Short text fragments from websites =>
==================================================

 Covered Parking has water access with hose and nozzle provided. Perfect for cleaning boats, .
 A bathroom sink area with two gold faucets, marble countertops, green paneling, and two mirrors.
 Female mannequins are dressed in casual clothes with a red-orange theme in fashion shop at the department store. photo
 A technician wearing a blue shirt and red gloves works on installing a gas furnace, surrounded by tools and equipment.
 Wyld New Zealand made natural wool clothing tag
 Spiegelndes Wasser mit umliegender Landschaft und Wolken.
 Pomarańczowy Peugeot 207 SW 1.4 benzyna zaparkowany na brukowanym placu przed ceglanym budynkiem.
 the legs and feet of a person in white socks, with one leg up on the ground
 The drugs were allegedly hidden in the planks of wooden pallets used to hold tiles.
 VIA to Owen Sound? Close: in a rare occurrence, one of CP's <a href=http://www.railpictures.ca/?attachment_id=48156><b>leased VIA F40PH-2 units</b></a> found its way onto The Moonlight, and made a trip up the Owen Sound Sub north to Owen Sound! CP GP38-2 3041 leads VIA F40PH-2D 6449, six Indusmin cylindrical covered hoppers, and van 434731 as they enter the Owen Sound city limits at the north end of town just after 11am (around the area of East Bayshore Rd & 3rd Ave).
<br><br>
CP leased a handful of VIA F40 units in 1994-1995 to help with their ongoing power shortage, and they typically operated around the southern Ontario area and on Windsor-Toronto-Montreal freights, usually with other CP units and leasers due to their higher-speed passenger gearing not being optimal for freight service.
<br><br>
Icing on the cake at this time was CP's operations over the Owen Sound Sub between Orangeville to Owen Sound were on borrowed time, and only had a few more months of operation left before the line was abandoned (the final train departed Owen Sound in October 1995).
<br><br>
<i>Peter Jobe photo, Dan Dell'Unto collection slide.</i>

==================================================

Your assignment => In the data above, copy every line where the string "photo" appears.

Solution for this exercise =>
 Female mannequins are dressed in casual clothes with a red-orange theme in fashion shop at the department store. photo
<i>Peter Jobe photo, Dan Dell'Unto collection slide.</i>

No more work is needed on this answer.